Records for processing: Begin

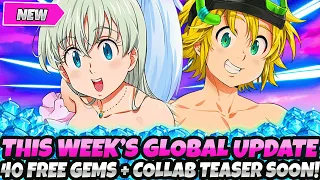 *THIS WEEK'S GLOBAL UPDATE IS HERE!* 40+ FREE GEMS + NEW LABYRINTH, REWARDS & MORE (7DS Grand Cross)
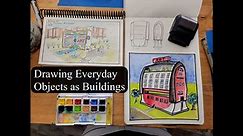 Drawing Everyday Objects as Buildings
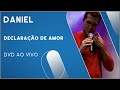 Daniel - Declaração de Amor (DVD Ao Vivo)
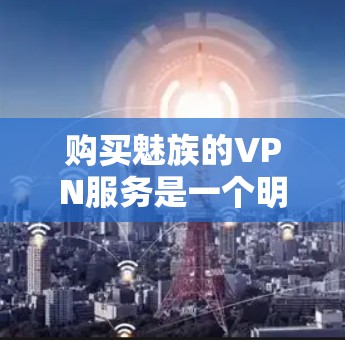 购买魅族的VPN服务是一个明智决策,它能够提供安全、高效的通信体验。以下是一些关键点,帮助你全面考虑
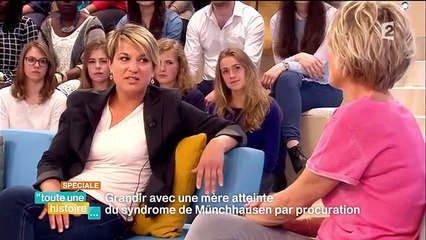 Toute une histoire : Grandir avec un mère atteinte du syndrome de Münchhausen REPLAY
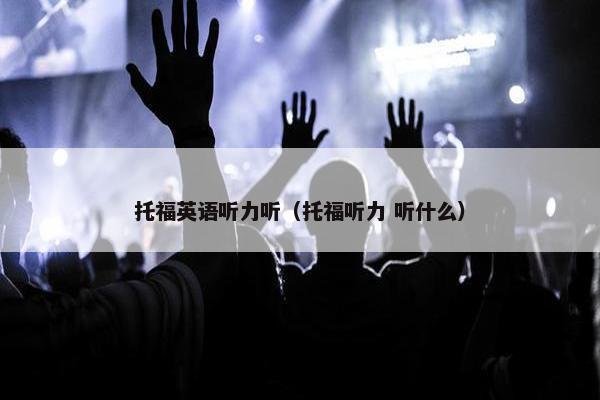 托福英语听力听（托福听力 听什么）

Records for processing: End
Records for processing: Begin

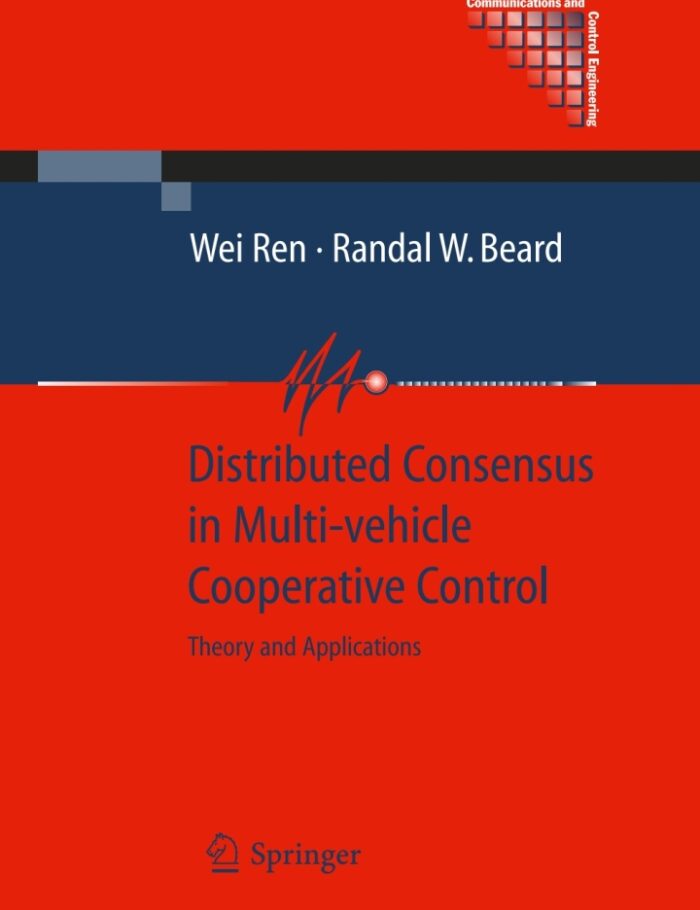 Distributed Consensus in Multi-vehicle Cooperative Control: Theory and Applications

Records for processing: End

▶ **To do**:
From the records above, output only the lines starting at the one containing "(7DS Grand Cross)" and ending at the one containing "托福英语听力听（托福听力 听什么）", word for word. Pictures stay out.

▶ **Answer box**:
 *THIS WEEK'S GLOBAL UPDATE IS HERE!* 40+ FREE GEMS + NEW LABYRINTH, REWARDS & MORE (7DS Grand Cross)
 Drawing Everyday Objects as Buildings
 Daniel - Declaração de Amor (DVD Ao Vivo)
 购买魅族的VPN服务是一个明智决策,它能够提供安全、高效的通信体验。以下是一些关键点,帮助你全面考虑
 Toute une histoire : Grandir avec un mère atteinte du syndrome de Münchhausen REPLAY
 托福英语听力听（托福听力 听什么）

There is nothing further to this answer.